Derry Jackson is a black member of the Portland School Board. Jackson was elected to the school board at-large. He is a strong proponent of minority student programs and has been an outspoken supporter of allowing the military to be allowed back into Portland schools to recruit students. Jackson believes the military offers an opportunity to minority students that many cannot find elsewhere. At the same time, Marc Abrams, a Jewish member of the school board, has stridently disagreed with Jackson on this and other issues, which led to vocal discord between the two.

Jackson openly criticized Abrams and other members of the school board when he lashed out at Jews who are in some of Portlands prominent political positions.
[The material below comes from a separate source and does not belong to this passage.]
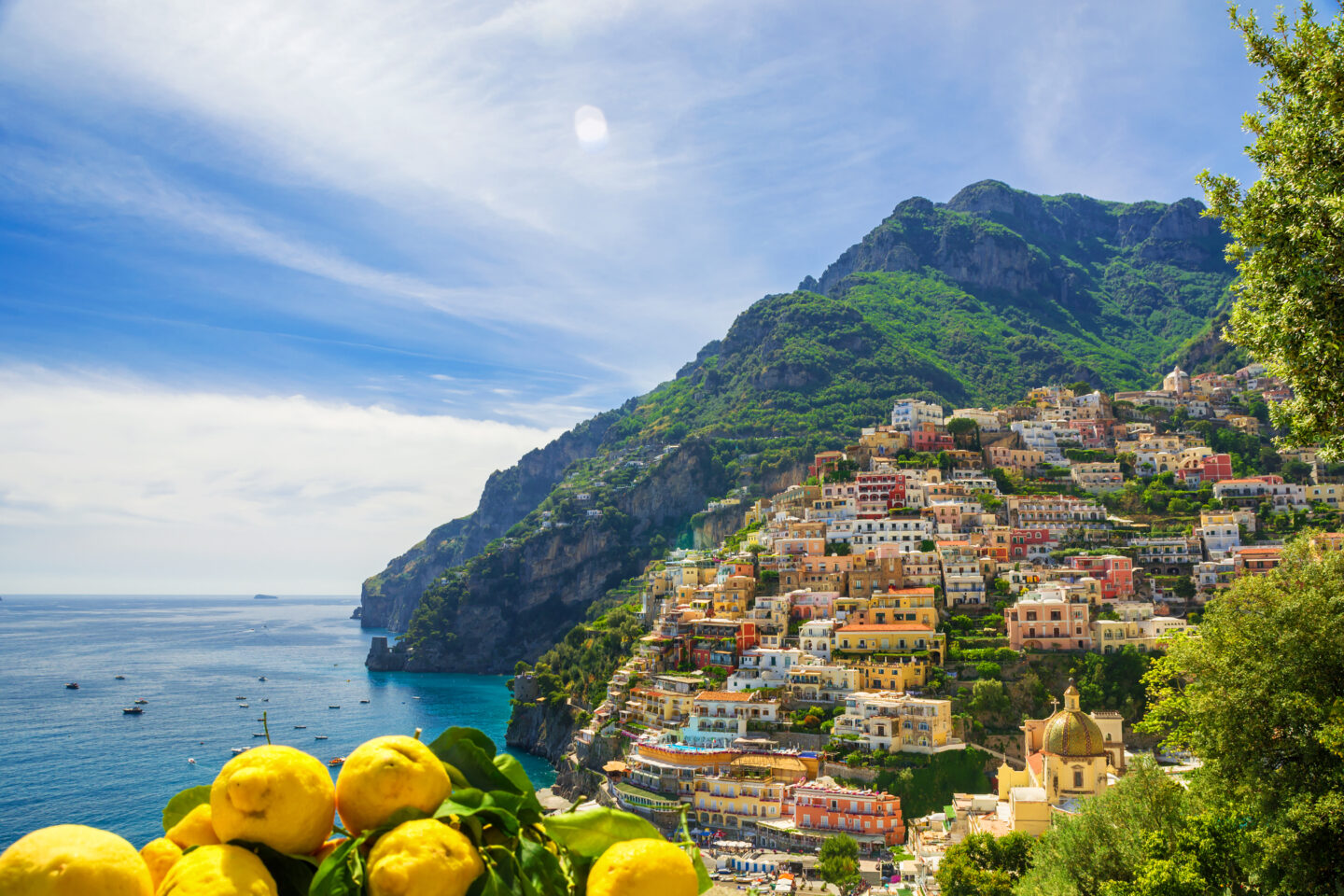 Amalfi Coast Yacht Travel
After Jacksons comments were aired in an article printed in The Oregonian, numerous individuals called for Jackson to apologize and either resign from the school board or face a recall.

Oregon law does not allow a recall of someone who has been elected to office during his or her first six months in office. Jacksons remarks were viewed by many as appalling. As The Observer pointed out in a previous editorial, Jackson should not have used a generality to paint the Jewish people in a particular way. We were happy to see him apologize twice for his remark.

But at what point are First Amendment speech freedoms being shoved aside when the politically-correct squad comes rushing in calling for a resignation or recall? The group-think mentality has overtaken our country and is doing a disservice to the free exchange of ideas. Jacksons comments on Jews in leadership will have to stand the test of any re-election bid he makes.

The other example is that of Baker City Councilor Gary Dielman, who has been an outspoken critic of Baker Citys practice of opening council meetings with prayer. Dielman contends the prayers are unconstitutional and should be stopped. The majority of the council disagrees with him. Now a Baker man, John DeShiro, has filed a petition to remove Dielman from the council.

Doesnt Dielman have a right to his opinion? He shouldnt have to feel threatened by a recall simply because he is standing against the majority. Our government, whether school boards or city councils, needs to have the broad representation of society. Recall efforts should be reserved for particular circumstances that involve heinous crime or incompetency, and should not be used in the flippant ways we are seeing today.